• [Exercise]: Omit all images, then repeat exactly the lines below from the one containing "Termo Personalidad inflamable" through the one containing "Icetime diamond watch", both ends included.

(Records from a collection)
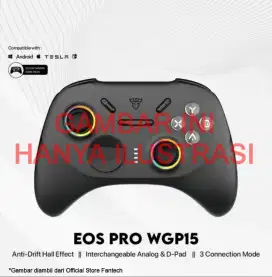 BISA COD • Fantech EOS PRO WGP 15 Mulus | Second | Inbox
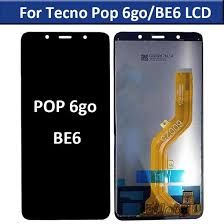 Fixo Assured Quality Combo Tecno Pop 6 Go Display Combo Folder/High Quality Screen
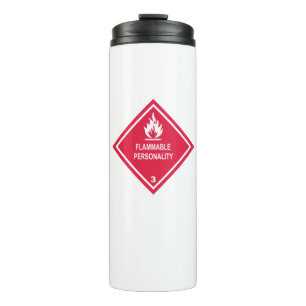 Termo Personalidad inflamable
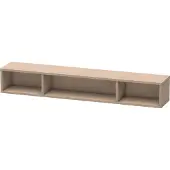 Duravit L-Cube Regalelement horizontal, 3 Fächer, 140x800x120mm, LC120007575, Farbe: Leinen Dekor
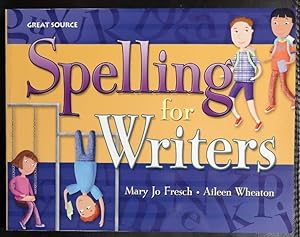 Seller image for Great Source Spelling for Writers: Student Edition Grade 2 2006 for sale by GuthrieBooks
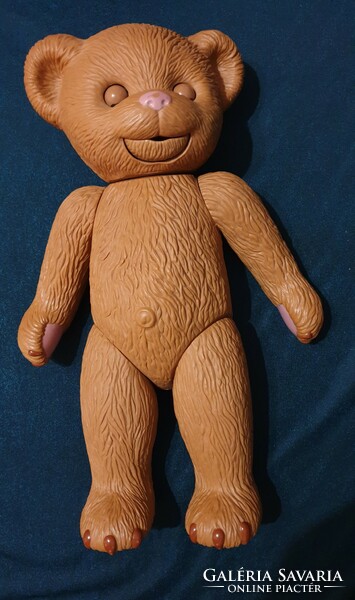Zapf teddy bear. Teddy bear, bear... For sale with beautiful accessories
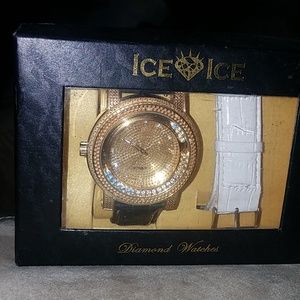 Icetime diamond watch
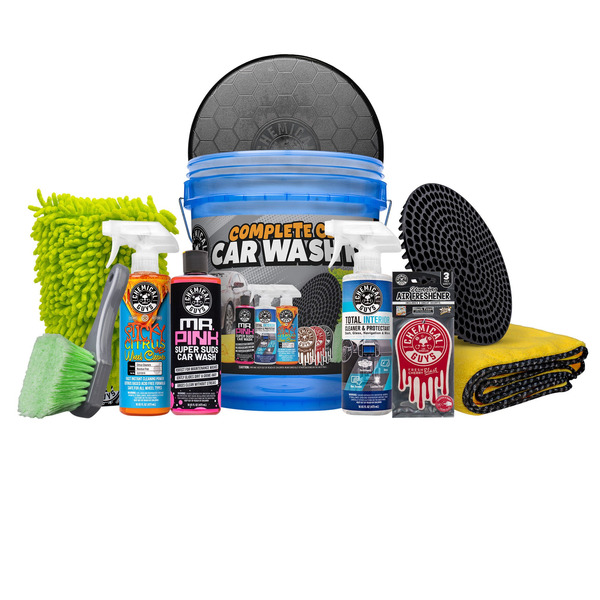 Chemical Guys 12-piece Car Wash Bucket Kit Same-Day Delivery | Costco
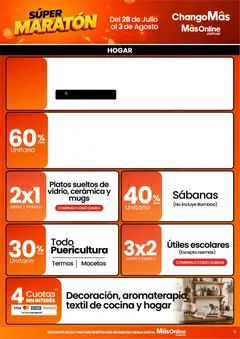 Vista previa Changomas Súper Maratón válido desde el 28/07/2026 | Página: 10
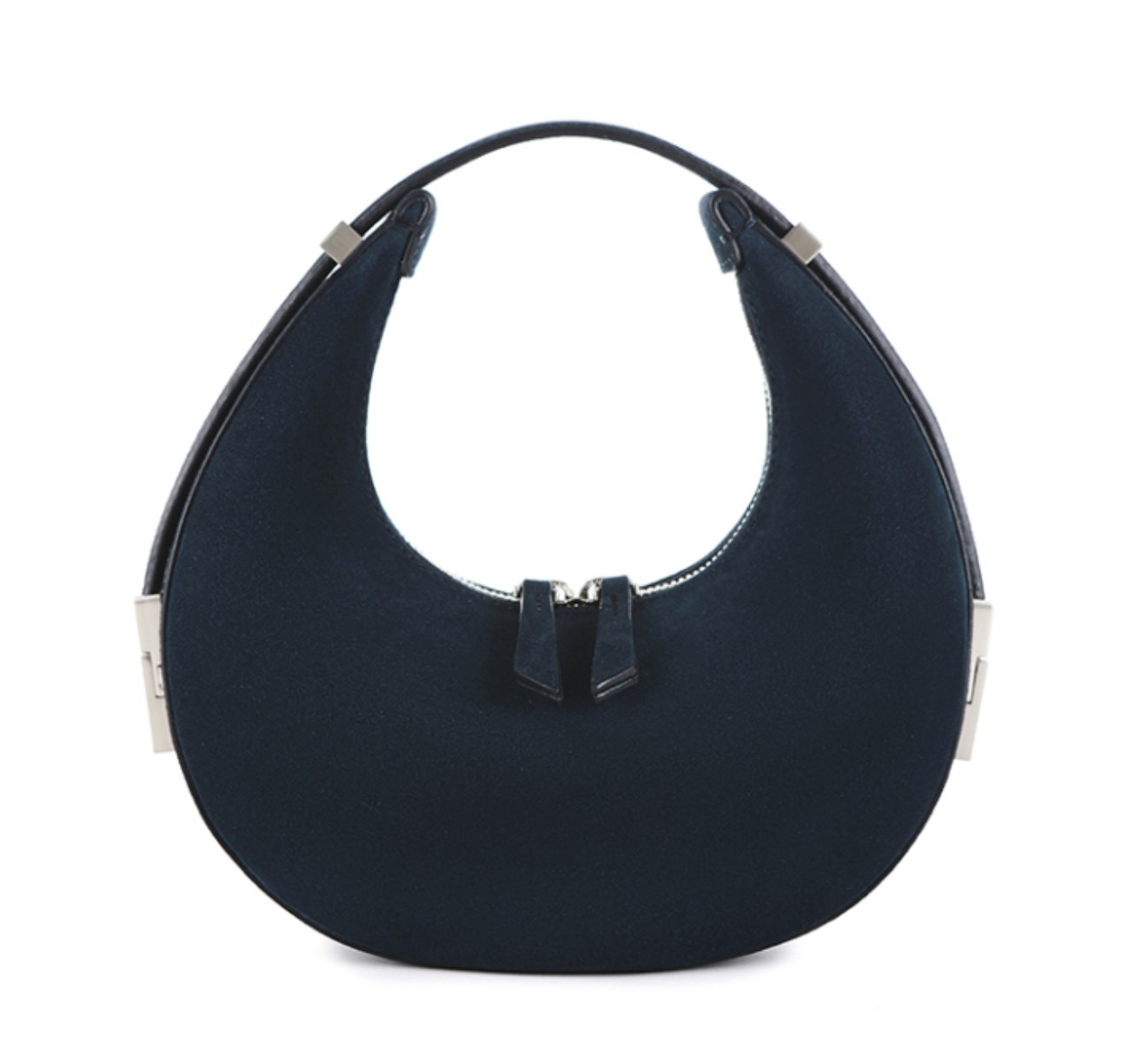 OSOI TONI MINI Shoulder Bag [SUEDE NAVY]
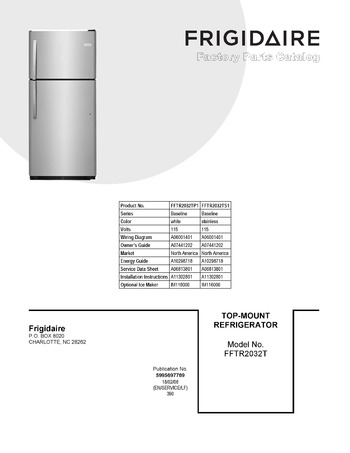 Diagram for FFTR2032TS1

• [Response]:
 Termo Personalidad inflamable
 Duravit L-Cube Regalelement horizontal, 3 Fächer, 140x800x120mm, LC120007575, Farbe: Leinen Dekor
 Seller image for Great Source Spelling for Writers: Student Edition Grade 2 2006 for sale by GuthrieBooks
Zapf teddy bear. Teddy bear, bear... For sale with beautiful accessories
 Icetime diamond watch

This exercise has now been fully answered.